第6話

 ついに運命の日が来た。10月28日。

「どうしたんだ? 今日は君の誕生日だろう。本人が嬉しくないのはおかしいじゃないか?」

 上条がそう言う。それもそのはずだ。今日の柳地は一日中真っ青だった。

「もしかして、別れたの? あの山岸って人と」

 七瀬がそう言う。きっと自分をブルーな気持ちにする原因がそれぐらいしか思いつかないのだろう。でも違う。

「何でもない。本当に何でもないから。俺のことを心配しなくていいから…」

 全く説得力のない言葉。でもそれで納得してもらうしかない。


 今日自分が死ぬかもしれないなんて口が裂けても言えない。


 下校中、道路を横断する時いつも以上に警戒する。事故死するかもしれない。でも大丈夫だった。渡ることができた。

 去年祝えなかったからと山岸が家に来たがったが、兄や母が来て外食すると言って断った。

 兄や母にも断った。今日は山岸と2人で祝うと言って家に来させなかった。

 自分の家に帰る。玄関のドアを閉めると同時に鍵とチェーンをかける。もう今日は家から出ない。それに誰にも入って来させない。

 夕飯を食べ終え、課題を終わらせ、風呂に入るとやることがないので10時とまだ早いが寝ることにした。ベッドに潜った時、今日1日を無事に終えることができたことを神様に感謝した。


 ドン。音がした。上の階からだ。

 ドンドン。また音がする。

「うるさくて眠れやしない。近所迷惑だ」

 自分のマンションは1人暮らしの人専用だ。マナーが守れない奴がこのマンションにもいるのか、と思った。

 ドドドン。音が激しくなる。

 一旦音が止む。これでぐっすり寝られるな。そう思った矢先、さらに音がする。

 ズデン! 今までで1番大きな音だ。

「何だ上でプロレスでもやってるのか?」

 変な考えだ。

 ドドド、ズデドン! 音はさらに大きくなる。

「うるさい!」

 柳地はそう叫んだ。でも聞こえるはずがない。

 音はずっと響いている。もうこれは嫌がらせとしか考えられない。明日文句を言いに行こう。

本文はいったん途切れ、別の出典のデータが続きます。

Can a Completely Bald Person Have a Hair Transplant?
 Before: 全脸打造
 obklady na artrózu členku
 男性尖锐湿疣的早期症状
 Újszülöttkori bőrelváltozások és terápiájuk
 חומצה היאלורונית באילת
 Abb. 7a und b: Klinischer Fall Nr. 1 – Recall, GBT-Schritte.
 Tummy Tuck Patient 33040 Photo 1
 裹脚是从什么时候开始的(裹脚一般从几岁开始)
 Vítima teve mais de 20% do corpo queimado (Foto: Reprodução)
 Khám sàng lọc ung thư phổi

 次の朝。起きてすぐ上の階に行き、インターホンを鳴らす。でも誰も出ない。

 今度はノックをする。思いっきりドアを叩く。ドン、ドン。これでも反応しない。

 腕時計を見た。もう8時45分だ。今から大学に行かなければ1限の講義に間に合わない。

「仕方ない。今は行くか」

 大学へ向かう途中、考え事をしていた。

 ムラサキカガミの呪い、嘘だったな。現に俺は昨日二十歳を迎えたし、こうして生きている。バカバカしい心配をして損をした。素直に山岸に祝ってもらえばよかった。


 講義室にはもうみんな来ていた。

「いつも1番乗りの君が今日は随分と遅かったじゃないか。寝坊?」

「違うよ上条。昨日、上の階の人がうるさくてね。文句を言いに行ったんだ。ギリギリまで粘ったけど誰も謝りに来ないんだ」

「そういうのはしない方がいいよ。管理会社に電話してみ? そっちの方が安全に解決できるよ?」

「そうなのか? ありがとう。なら電話してみよう」

 今日の講義が全て終わると管理会社に電話をした。

「グレートプレイス202の三ツ村です。上の階の人がうるさいんですが…」

 管理会社の人は不思議そうに聞き返した。

「グレートプレイスですよね? 202の上が、ですか?」

「はいそうです。文句言ってくれませんか?」

「言えませんよ。だって」

 次の言葉に柳地は驚愕した。

「302は、今空室なんです」

 そんな馬鹿なことがあるはずがない。何度も管理会社に言った。だが他の人からうるさいと苦情が来ていないことを言われた。そして実際にマンションに来てもらい、302のドアを開けてもらって中を確認すると確かに空室だったのだ…。